All of this cyber-sophistication was inspired by a very human thing: a cartoon. Drawn by Peter Steiner, it shows a dog sitting in front of a computer telling another dog: "On the Internet, nobody knows you're a dog."

Avi Turgeman, who served in the Israel Defense Forces, first laughed when he saw the drawing, then got to thinking. He concluded that the only effective way to detect an online impostor-canine or otherwise-is to verify his or her identity through a process of continuous biometric authentication. In other words, there is a correlation between online behavior and a person, and this behavior cannot be copied or replicated. 

On the basis of this idea, BioCatch was founded in 2011 in Tel Aviv, with the goal of eliminating the ability of dogs-or computer programs-to masquerade as people. Or other people to masquerade as you.

The idea that computer use was unique to the individual has a twenty-year academic history. But BioCatch's innovation was to apply that theory in a practical way. 

Their solution? Invisible Challenges™. Their user interface would "force" users into doing things with their computers that BioCatch could measure, without users knowing they were being measured. 

By late 2013, the company emerged, and soon began winning awards, accolades and the support of many of the most important companies in
the world. 

Brian Rozensweig, managing partner for JANVEST, explains that his Chicago-based venture capital firm was an early believer and investor in BioCatch's innovations. 

JANVEST was founded six years ago to give investors "a wider opportunity for investing in Israel." BioCatch is one of 15 Israeli companies they invest in and provide with consultation. 
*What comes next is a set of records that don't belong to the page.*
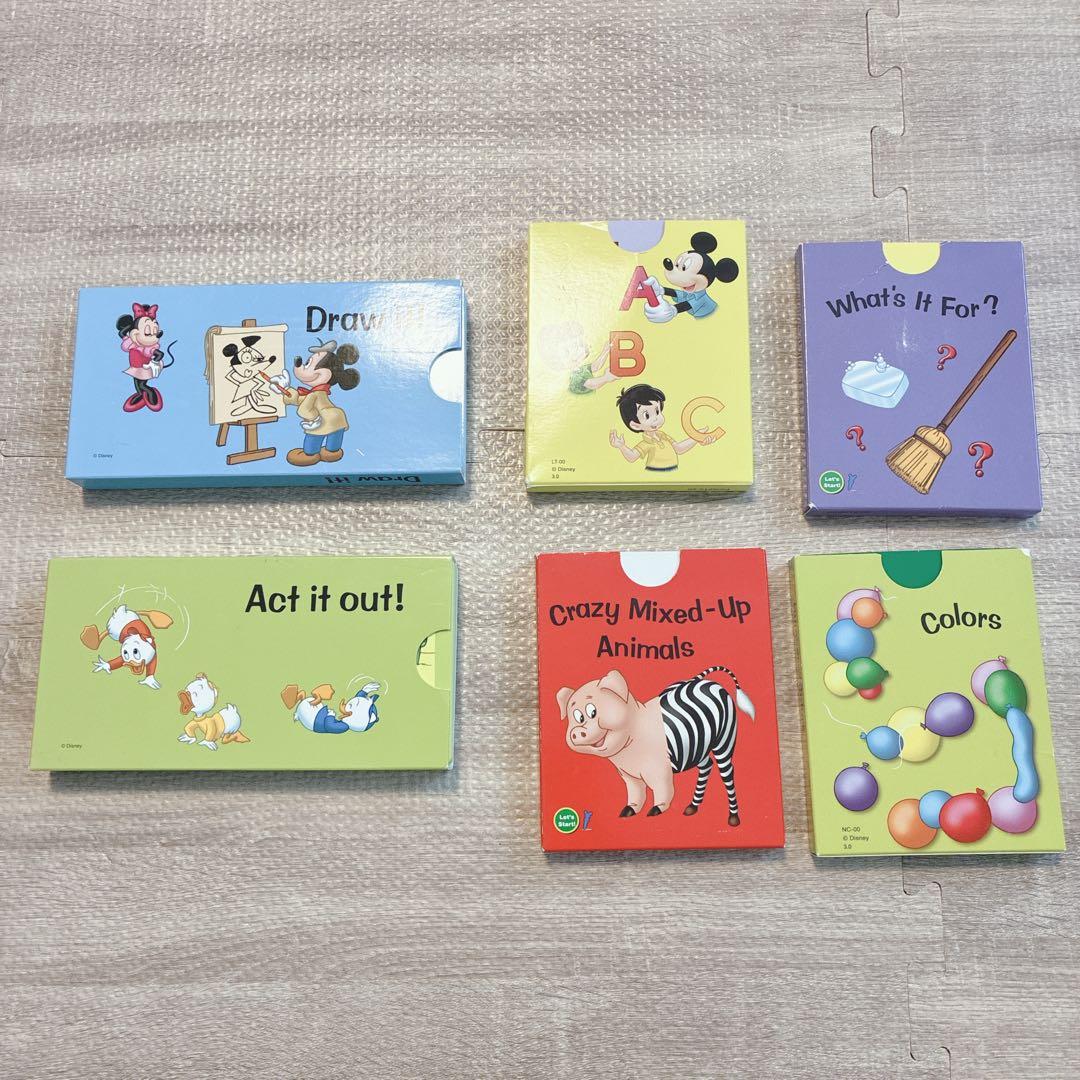 dwe マジックペン アドベンチャー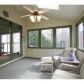 730 Valley Summit Drive, Roswell, GA 30075 ID:12121563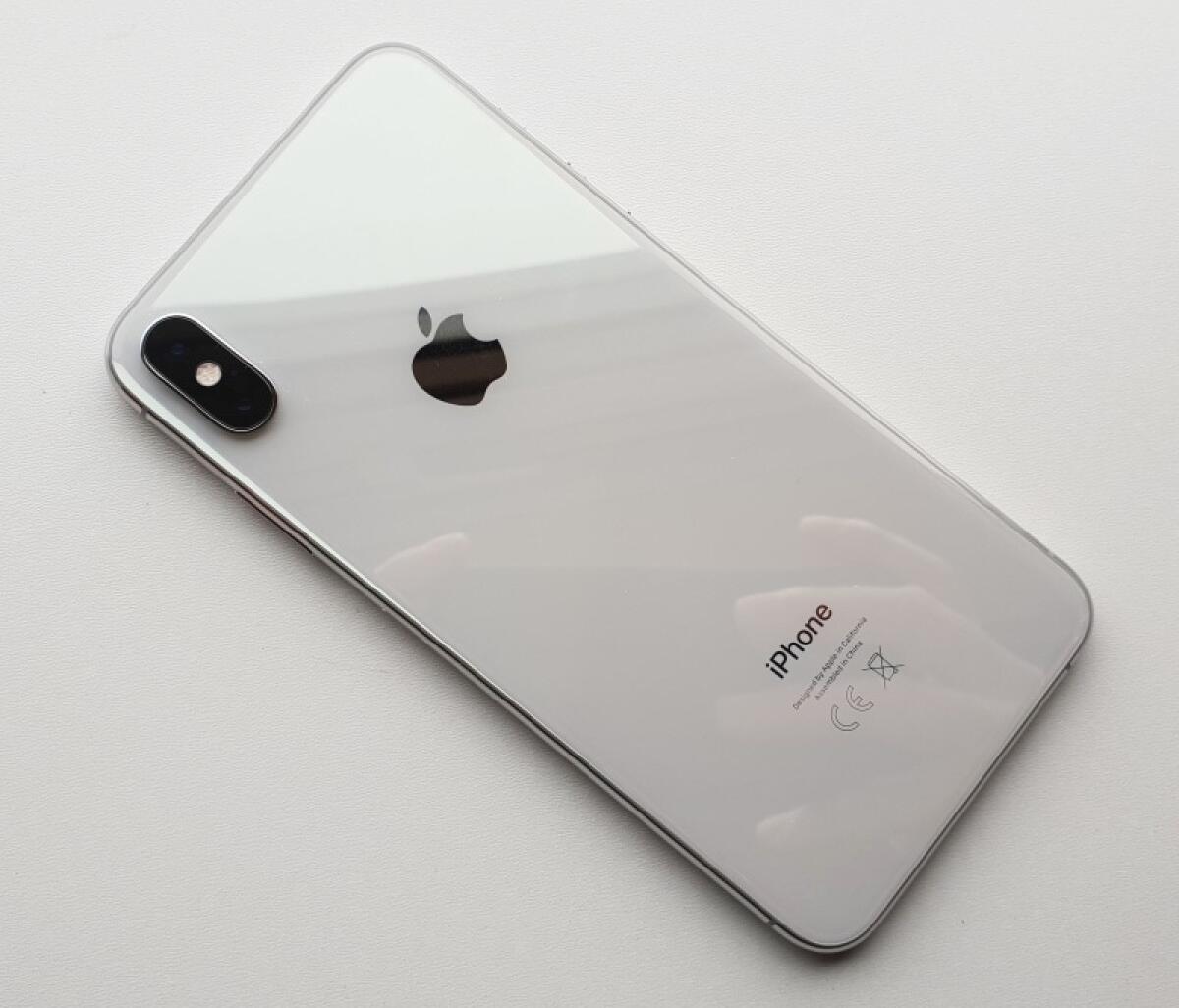 Solo 999 Euro Per iPhone XS: Compralo Al Prezzo Più Basso -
Rozensweig explains that the program constantly updates and learns more about the user: "It operates continuously, and keeps authenticating as you go." First, this allows your BioCatch to continue to recognize you even after you have gotten better and more fluid at using a given program. Further, this ongoing monitoring is an improvement over current systems, which can allow a crook to use your computer after you have been forced to type in your password. 

"Nobody else can do what they do," Rozensweig says of BioCatch. "They want to render the username-and-password system obsolete. It's the most dynamic cyber-security coming out of Israel."